____ EXTRACTED RECORDS

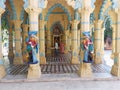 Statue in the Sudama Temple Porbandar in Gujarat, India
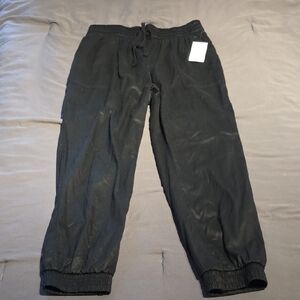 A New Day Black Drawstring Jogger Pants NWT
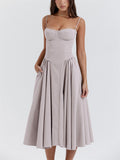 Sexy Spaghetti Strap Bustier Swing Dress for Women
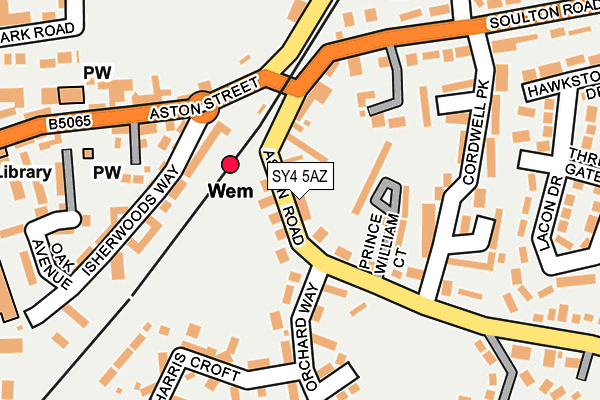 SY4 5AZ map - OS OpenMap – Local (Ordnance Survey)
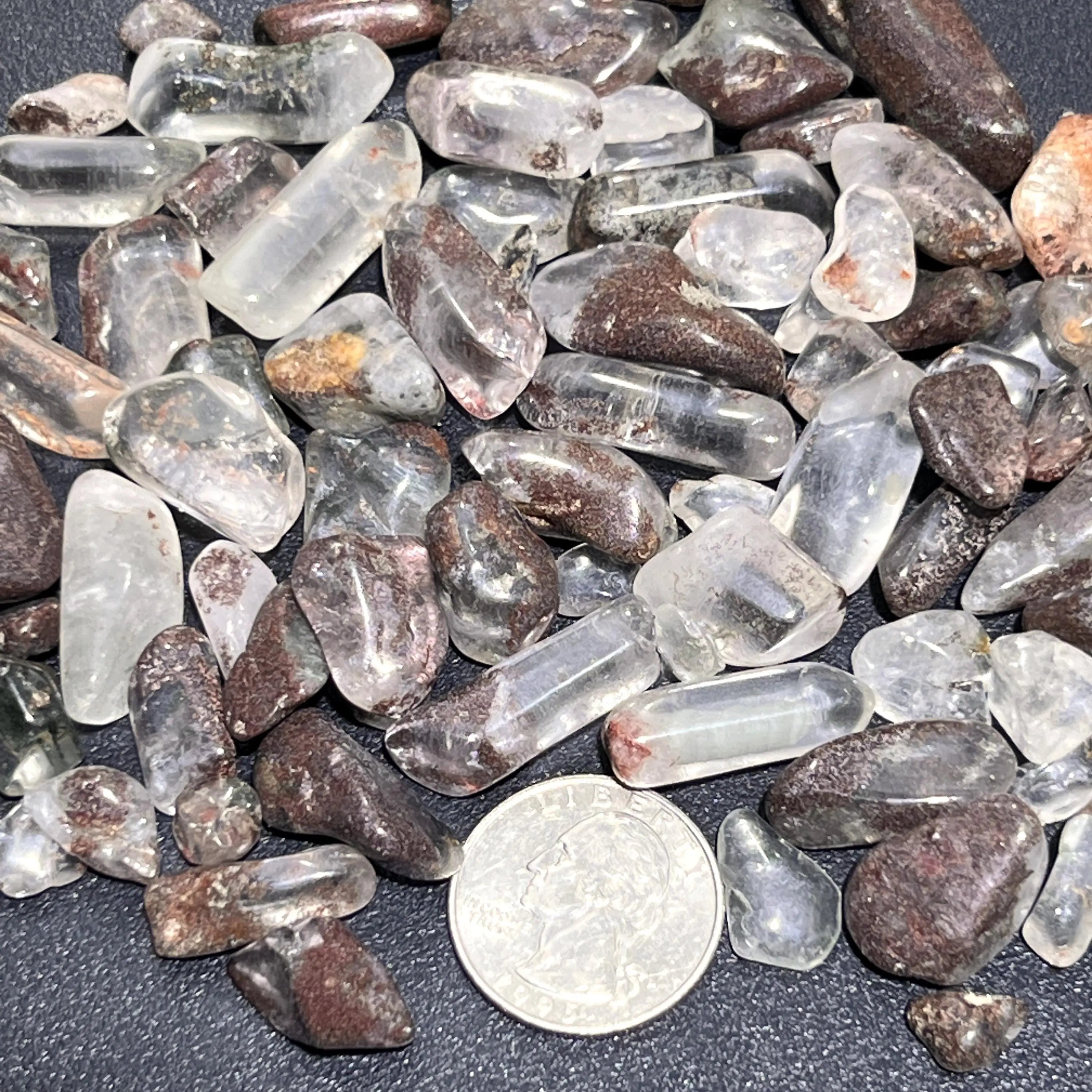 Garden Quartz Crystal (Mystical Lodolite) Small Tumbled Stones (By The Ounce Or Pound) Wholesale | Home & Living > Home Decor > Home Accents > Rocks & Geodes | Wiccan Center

________

*EXERCISE REQUIREMENTS*
Return the listing above in an exact copy that leaves out the images.

*ANSWER FOR THE TASK*
 Statue in the Sudama Temple Porbandar in Gujarat, India
 A New Day Black Drawstring Jogger Pants NWT
 Sexy Spaghetti Strap Bustier Swing Dress for Women
 SY4 5AZ map - OS OpenMap – Local (Ordnance Survey)
 Garden Quartz Crystal (Mystical Lodolite) Small Tumbled Stones (By The Ounce Or Pound) Wholesale | Home & Living > Home Decor > Home Accents > Rocks & Geodes | Wiccan Center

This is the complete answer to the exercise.